The development of the world's largest single-file name data repository could help predict weather and prevent overhyping of hurricanes like Irene.
Forecasters had predicted Irene could devastate cities such as Washington and New York, but instead some of the most severe damage occurred far further inland in states such as Vermont, which was drowned in tropical-storm downpours.
Several post-Hurricane Irene reports pointed to inaccurate forecasts as problematic. As the UK publication, The Guardian, wrote: The "storm surge that could have swamped [Manhattan] failed to materialize." And many New Yorkers were unhappy about having prepared for the worst only to experience little to no damage.
Enter IBM's Data Storage Group at Almaden, Calif., which has proved it can build a 120PB data system by using 200,000 SAS (serial SCSI) drives -- all configured as if it is a single drive under one name. That's roughly 30 times larger than the biggest single data repository on record, according to IBM. The system could store up to 1 trillion files. Even the Wayback Machine, a massive data time capsule created by The Internet Archive to store everything on the Web since 1996, only holds 2PB of data.
IBM said it chose high-performance SAS drives over high-capacity SATA drives because the system has high bandwidth requirements. The drives are also connected via a backbone that uses the SAS (serial SCSI) protocol, but the storage is connected to compute nodes via a proprietary fabric, which IBM would not disclose.
The technology for IBM's massive data store, which the company plans to begin installing in several customer sites later this year, would be ideal for creating more powerful high-performance computing systems that perform tasks such as climate modeling.
To be sure, Hurricane Irene packed plenty of punch. At least 21 people in eight states died as a result of the storm. And early estimates for damage top $7 billion. But most models showed the storm hitting the East Coast with far more force than it did.
"As with any of these high-performance computing simulations ... the more variables you can look at, the more granular you can be, the better the models. Hopefully, the better the model, the better the prediction," said Bruce Hillsberg, director of Storage Systems Research at IBM. While IBM used the weather simulation as an example, it would not say who its customers were for the data store.
IBM's 120PB data store has yet to be built. The company will be assembling it in the data centers of several customers over the next year, but the base technology to build the systems has been around for many years. The technology, IBM's General Parallel File System (GPFS), is already used in a number of IBM products, including its scale-out NAS (SONAS) array, which IBM brought to market last year, and can scale to 14PB of capacity. IBM also uses GPFS in its strategic archive product called the IBM Information Archive, as well as its cloud storage service offerings.
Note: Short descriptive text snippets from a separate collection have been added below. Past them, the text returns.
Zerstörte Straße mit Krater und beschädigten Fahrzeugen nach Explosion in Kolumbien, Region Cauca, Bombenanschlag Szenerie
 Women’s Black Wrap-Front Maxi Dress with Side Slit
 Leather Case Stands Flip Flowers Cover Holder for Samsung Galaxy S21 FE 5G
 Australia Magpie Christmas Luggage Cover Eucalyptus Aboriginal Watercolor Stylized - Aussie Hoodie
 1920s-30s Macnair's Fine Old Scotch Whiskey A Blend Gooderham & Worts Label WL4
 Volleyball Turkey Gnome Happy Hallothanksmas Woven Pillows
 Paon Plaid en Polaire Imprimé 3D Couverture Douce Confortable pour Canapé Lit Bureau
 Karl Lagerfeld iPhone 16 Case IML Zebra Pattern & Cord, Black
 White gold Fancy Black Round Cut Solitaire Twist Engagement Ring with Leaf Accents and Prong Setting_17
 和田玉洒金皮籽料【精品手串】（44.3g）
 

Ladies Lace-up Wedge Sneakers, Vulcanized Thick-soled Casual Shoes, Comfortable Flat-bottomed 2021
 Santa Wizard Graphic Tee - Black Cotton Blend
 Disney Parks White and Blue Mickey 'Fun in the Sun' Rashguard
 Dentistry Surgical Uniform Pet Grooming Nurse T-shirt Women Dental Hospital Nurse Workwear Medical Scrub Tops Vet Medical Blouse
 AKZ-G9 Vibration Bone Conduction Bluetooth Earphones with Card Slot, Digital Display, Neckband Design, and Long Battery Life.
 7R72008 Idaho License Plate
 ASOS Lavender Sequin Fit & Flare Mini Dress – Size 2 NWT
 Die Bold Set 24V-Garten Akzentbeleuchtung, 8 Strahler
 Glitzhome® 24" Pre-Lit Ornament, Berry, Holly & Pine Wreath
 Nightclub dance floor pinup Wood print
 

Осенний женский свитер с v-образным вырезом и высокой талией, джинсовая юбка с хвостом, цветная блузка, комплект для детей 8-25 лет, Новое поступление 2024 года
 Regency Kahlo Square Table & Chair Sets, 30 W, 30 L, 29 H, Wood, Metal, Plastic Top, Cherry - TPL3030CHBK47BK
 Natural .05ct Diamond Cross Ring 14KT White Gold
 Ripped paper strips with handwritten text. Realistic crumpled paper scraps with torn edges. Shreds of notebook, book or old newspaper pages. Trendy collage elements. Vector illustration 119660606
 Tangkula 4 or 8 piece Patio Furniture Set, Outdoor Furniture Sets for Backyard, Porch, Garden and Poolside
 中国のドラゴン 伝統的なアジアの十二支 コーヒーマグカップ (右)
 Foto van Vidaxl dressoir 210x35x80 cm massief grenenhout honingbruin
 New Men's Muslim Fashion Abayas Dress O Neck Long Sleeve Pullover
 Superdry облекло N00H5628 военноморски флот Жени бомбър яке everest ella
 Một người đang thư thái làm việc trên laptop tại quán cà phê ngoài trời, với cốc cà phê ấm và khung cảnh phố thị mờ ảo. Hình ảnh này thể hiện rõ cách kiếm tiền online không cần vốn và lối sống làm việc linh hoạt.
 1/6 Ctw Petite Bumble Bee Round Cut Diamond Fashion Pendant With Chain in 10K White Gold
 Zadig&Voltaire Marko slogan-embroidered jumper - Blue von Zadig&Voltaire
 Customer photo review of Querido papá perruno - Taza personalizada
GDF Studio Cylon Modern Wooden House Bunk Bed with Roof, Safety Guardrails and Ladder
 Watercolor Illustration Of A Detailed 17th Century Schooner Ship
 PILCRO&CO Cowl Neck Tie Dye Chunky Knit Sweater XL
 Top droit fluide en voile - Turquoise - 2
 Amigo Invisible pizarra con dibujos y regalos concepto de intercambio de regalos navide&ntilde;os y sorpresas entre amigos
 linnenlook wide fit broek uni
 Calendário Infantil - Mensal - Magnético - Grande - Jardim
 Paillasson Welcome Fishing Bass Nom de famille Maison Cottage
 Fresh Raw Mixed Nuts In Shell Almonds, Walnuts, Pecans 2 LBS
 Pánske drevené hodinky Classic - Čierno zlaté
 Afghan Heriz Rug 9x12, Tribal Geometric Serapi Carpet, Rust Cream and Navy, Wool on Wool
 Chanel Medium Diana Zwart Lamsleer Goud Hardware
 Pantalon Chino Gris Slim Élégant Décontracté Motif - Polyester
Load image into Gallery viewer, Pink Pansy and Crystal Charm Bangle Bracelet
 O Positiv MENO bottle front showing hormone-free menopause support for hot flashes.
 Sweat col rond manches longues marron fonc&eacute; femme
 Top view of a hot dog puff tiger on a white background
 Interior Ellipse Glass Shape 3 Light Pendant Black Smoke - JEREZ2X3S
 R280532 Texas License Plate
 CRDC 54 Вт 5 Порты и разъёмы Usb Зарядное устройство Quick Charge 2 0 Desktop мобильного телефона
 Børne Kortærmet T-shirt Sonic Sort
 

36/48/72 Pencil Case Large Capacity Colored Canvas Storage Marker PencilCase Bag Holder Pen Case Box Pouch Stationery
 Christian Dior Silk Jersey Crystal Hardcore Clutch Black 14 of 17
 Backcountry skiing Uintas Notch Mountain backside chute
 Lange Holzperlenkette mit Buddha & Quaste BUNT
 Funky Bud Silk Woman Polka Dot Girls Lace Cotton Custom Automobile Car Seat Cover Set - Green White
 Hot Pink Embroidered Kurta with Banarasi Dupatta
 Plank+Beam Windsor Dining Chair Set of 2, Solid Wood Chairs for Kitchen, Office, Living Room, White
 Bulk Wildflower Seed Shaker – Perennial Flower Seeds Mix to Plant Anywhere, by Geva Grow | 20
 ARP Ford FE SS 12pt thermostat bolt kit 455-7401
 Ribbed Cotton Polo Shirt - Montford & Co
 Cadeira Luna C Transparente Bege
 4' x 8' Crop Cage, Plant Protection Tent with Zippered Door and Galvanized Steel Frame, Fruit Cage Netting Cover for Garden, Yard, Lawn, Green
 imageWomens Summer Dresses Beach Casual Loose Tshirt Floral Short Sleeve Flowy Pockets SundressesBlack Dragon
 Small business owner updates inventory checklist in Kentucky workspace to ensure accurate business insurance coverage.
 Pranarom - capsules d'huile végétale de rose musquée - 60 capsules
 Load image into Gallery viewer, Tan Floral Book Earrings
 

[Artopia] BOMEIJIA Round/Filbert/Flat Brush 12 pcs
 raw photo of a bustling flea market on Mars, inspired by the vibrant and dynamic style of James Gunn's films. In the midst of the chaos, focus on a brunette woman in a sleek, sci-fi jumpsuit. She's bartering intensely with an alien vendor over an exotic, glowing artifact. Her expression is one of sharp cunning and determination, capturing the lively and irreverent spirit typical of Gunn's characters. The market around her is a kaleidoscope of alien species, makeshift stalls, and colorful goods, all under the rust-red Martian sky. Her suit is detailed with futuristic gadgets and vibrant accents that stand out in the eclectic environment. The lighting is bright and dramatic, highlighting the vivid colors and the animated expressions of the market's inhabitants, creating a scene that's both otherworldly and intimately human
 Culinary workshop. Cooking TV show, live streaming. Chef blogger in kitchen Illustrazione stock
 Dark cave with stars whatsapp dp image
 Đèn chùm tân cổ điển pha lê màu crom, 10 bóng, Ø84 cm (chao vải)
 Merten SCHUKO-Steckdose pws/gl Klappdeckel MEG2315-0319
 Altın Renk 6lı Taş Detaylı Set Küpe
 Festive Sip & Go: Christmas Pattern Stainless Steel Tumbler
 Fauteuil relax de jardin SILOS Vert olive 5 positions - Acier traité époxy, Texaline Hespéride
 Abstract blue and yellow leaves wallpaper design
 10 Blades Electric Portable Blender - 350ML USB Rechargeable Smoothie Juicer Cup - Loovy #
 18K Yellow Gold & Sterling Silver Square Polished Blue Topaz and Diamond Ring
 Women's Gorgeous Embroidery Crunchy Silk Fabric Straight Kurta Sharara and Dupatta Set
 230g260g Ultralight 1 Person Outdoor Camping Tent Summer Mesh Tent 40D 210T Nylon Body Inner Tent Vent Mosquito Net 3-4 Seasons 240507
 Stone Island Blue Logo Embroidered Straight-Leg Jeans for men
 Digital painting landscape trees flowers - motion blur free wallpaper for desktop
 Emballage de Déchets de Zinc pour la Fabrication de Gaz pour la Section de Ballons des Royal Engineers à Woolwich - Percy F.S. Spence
The technology could give several days warning for impending floods.
IBM has been using GPFS to build massive data stores since 1998. Back then, the largest single virtual drive was 43TB, a capacity that's easily achieved in a single data center rack today.
In fact, IBM's GPFS technology was the data store behind IBM's Watson supercomputer, which earlier this year demonstrated its processing prowess by handily beating champions of the game show Jeopardy. That system boasted a 21.6TB data store.
It was for that very reason, the massive growth in customer data storage requirements, that IBM built its latest GPFS storage system.